Pole dancing is hard. Really hard. It’s another reason I get annoyed when it isn’t taken seriously as a sport, because it isn’t about tarting around in hotpants. It requires strength and cardio fitness, and it hurts. And concentration, as it turns out. This is particularly at the forefront of my mind today as I spent most of yesterday in A&E.
In comedy films, A&E departments are full of children with saucepans stuck on their heads, or men who “fell over” whilst vacuuming naked, but I had no such entertainment. Instead, I had a child vomiting onto Chelsea FC blanket, a poor woman sobbing in a dressing gown and most of the cast of Jeremy Kyle.

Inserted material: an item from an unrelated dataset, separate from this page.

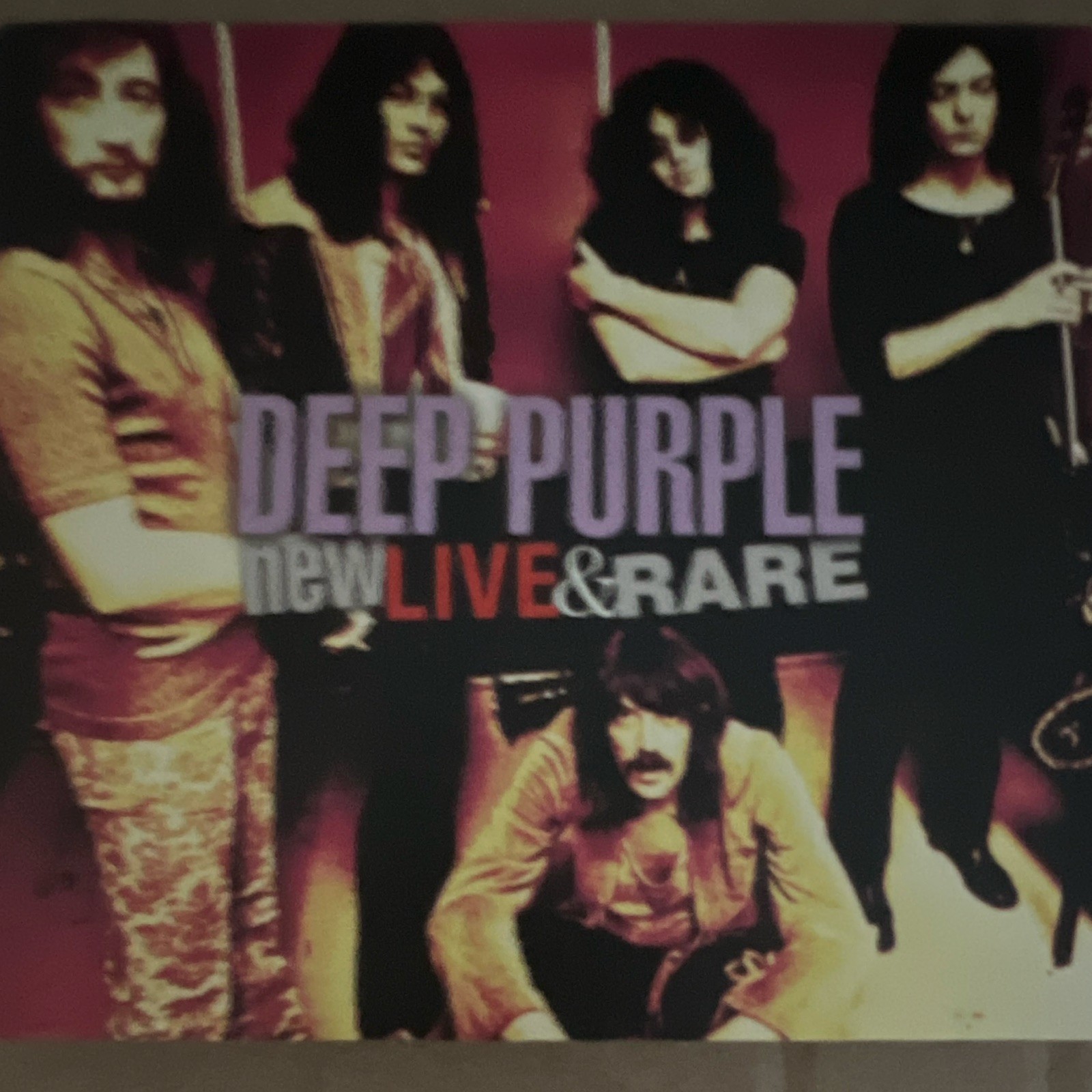 Deep Purple New Live & Rare CD 2004 SonicZoom PUR 209 Live Album Jewel Case Deep Purple New Live & Rare CD 2004 SonicZoom PUR 209 Live Album Jewel Case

On the other hand, those people are probably writing blogs today about their trips to A&E, where four girls in matching shorts and vest tops burst in, giggling loudly as one of them hopped to reception and was forced to shout through the reinforced glass “I think I’ve broken my foot. How? Pole dancing”.
When executing advanced moves on the pole, there is always a degree of danger; you could be hanging upside down by one leg, or holding on with the crook of your elbow with your legs nowhere near the pole. Obviously, you are extremely careful – and when I’m teaching, I always, always say: you know if you are ready to do this, you know if it feels safe. If you don’t feel ready or safe, then don’t do it. But then there are simple moves, things you have done a thousand times over, without even thinking, in the same way you are careful climbing on a table to change a light bulb, but don’t think twice about walking to the bin to throw the old one away. This, I have discovered, is how accidents happen – a slightly awkward angle as I landed a cartwheel dismount, and my 5th metatarsal (made famous by David Beckham in the 2002 World Cup) snapped like a twig. It sounded like a twig snapping anyway. Two of the girls in my class nearly threw up on the spot.
After reporting to A&E, I was put in a wheelchair like the one the killer glues the journalist to in Red Dragon. It was huge and heavy and old fashioned and of course my friends wheeled me about saying things like “come on dearie, let’s get you a nice cup of tea.” The rest of the waiting room did not look amused.
When explaining to the nurse that I had injured myself on the pole, she gave me a long, hard stare that was heavy with disapproval and disgust. Surely she deals with worse than that on a Friday night? A man on the other side of the curtain sniggered. Then she cast her eyes over the clothing the four of us were wearing, bearing the pole school logo, and said “ah, I get it, a fitness class, right? Oh well that’s OK then”.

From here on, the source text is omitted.